With their sizable nuclear arsenals and tensions over territory, water and terrorism, India and Pakistan pose staggering risks to South Asia. But they also offer outsize economic potential for their citizens, the region and the world. Leaders in both nations seeking peace, stability and a prosperous future should seize on free trade as the best way to further these goals. The time has come for an India-Pakistan free trade agreement.
Free trade would substantially increase trade and investment flows, incomes and employment, and it would give the citizens of both countries a far greater stake in the other's success. Economists of varying backgrounds agree that free trade is a positive-sum economic activity for all involved. In the seven years following Nafta, trade among the United States, Canada and Mexico tripled and real wages rose in each country.
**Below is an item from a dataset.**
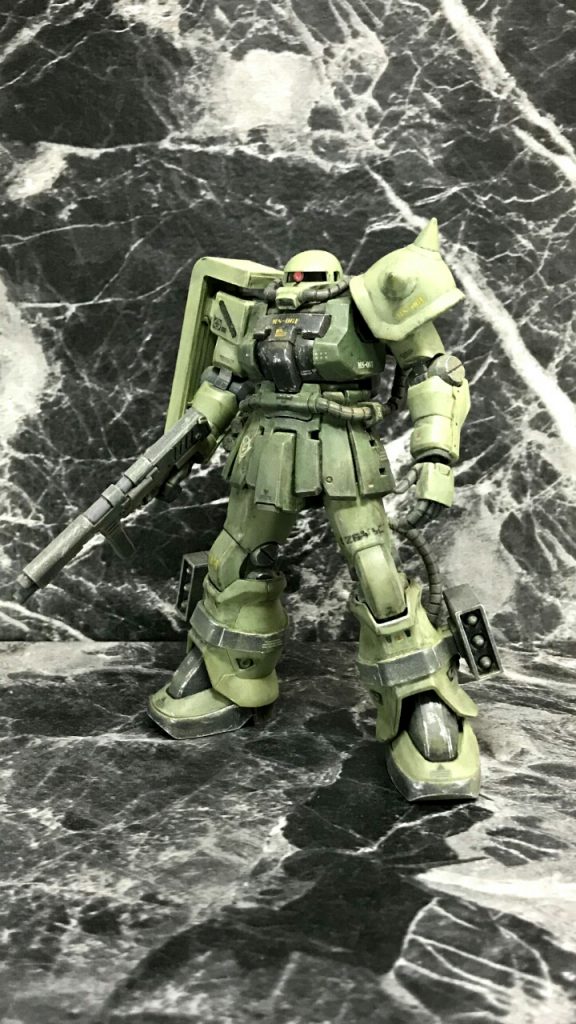 逃げも隠れもせず、ザクです。
引っ越しの際にヒートホークやザクマシンガンがどこかへ行ってしまったので、写真に写るもののみとなってしまいましたm(__)m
The International Monetary Fund reports that direct trade between Pakistan and India was a pitifully small $2.7 billion in 2010, just two-thirds of India's trade with far smaller Sri Lanka. Remarkably, Pakistan's exports to Bangladesh are larger than those to India, though Bangladesh's economy is only 6% the size of India's. South Asia doesn't have enough trade.
The tool economists use to analyze bilateral trade, called the "gravity model," suggests trade should be proportional to the states' GDP and inversely proportional to the distance between them (a proxy for transportation costs). India's GDP of over $4 trillion is roughly nine times that of Pakistan's.
Estimates based on gravity models by Amitra Batra of Nehru University and Mohsin Khan of the Peterson Institute suggest that Pakistan-India trade could be at least 20 times larger with a bilateral free trade agreement than it is today. That's a staggering expansion of over $50 billion that would raise real wages in both countries.
By modern standards, tariffs governing trade between India and Pakistan are still relatively high, at 15%-20%. India's tariffs are higher still on natural Pakistani exports such as textiles and agriculture. Non-tariff barriers loom large, for example in transportation, visas, customs, payments and banking. There is little trade in services or foreign direct investment, as prior government approval is necessary.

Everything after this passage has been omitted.